Please give the lines below again exactly as they stand, from the one that contains "Nike 100% Polyester" up to and including the one that contains "Huizhou Longmen Nankunshan", leaving all pictures out.

** PROVIDED DATA **
- Opening Delimiter -

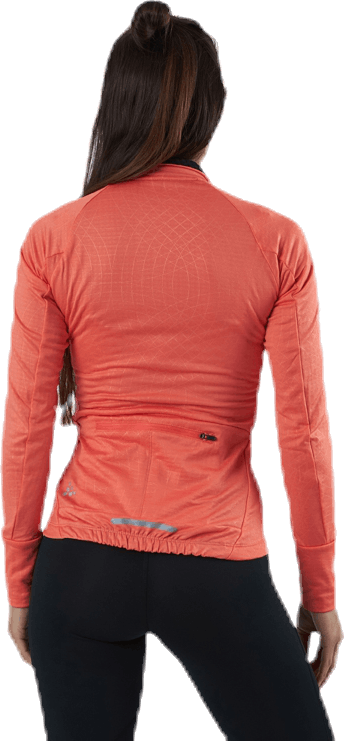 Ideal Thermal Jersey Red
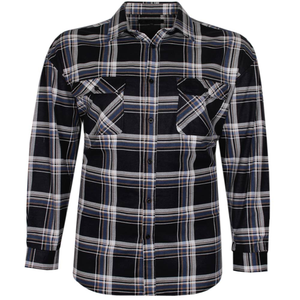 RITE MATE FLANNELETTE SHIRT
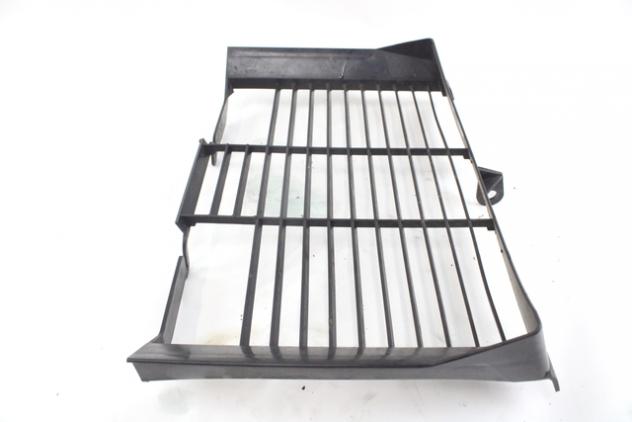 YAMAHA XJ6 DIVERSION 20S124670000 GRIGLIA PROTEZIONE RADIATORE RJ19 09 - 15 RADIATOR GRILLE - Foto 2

- Closing Delimiter -
- Opening Delimiter -

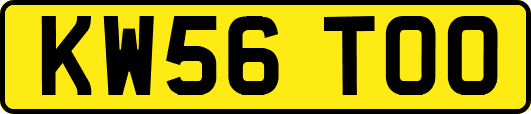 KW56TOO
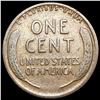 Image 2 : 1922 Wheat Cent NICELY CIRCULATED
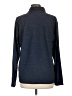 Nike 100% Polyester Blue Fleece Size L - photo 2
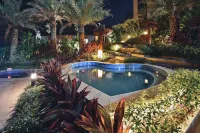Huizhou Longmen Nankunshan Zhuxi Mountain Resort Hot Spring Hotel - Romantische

- Closing Delimiter -

** FINISHED TASK **
 Nike 100% Polyester Blue Fleece Size L - photo 2
Huizhou Longmen Nankunshan Zhuxi Mountain Resort Hot Spring Hotel - Romantische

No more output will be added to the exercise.